In the 1851 directory listed Arney & Co., as patent gelatine makers, Common, Upper Mitcham.
In the 1846 Repertory of Patent Inventions, Gerard Andrew Arney is listed as a gentelman, living at Mare Street, Hackney, and his patent for …
Improvements in the preparation of gelatine, and Improvements in finig or clarifying liquids. Sealed January 20, 1846.
The London Gazette, Publication date:23 April 1852 Issue:21312 Page:1163 says that the firm was a partnership name Hammond, Arney and Co. and that this partnership was dissolved:
WE hereby give notice, that the Partnership heretofore subsisting between us the undersigned, under the firm of Hammond, Arney,and Co. Gelatine Manufacturers, of Mitcham Common, Surrey, was, on the 26th day of March last, dissolved by mutual consent.
— Dated this 17th day of April 1852. Edward Hammond, Gerard Andrew Arney.
In the London Gazette later that year, the Patents Act published the patent as number 375 awarded to:
Gerard Andrew Arney, of Mitcham, in the county of Surrey, Gelatine Manufacturer, for the invention of improvements in coating or enamelling pictures, prints, paper, and other surfaces.

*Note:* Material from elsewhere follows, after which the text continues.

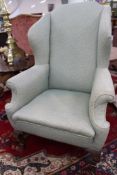 A George I style high wing back armchair. On shaped cabriole legs. United by stretchers.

London Gazette, Publication date:29 October 1852 Issue:21374 Page:2843
Eric Montague, in his Mitcham Histories: 13 Willow Lane and Beddington Corner, page 98, said:
The gelatin works, remembered by Cecil Cox from his childhood in the 1840s and 50s, were leased from Cox by Gerard Arney, who, with his mother, Mrs Maria Arney, lived at Willow Lodge at the end of what today is now Arney’s Lane. The factory in 1853 had a wheel developing six hp driven by water conducted from the Wandle at Beddington Corner. Frederick Braithwaite, who visited the premises in the early 1850s, described the arrangements for supplying water to the factory as commencing with two small culverts passing underground before flowing into broad ditches to the north of a triangular island used as an osier bed. There was a fall of 18 inches which, with surface water draining from adjoining land, supplied the mill head. Arney and Company, patent gelatine makers do not seem to have lasted beyond the early 1860s, and the OS map of 1867 marks merely Willow Cottage and what appear to be two small cottages at the end of the lane from the Carshalton Road. All had disappeared completely by the 1970s, when the site was occupied in part by MJ Gleeson Ltd, builders, and partly by C Barber and Sons, haulage contractors.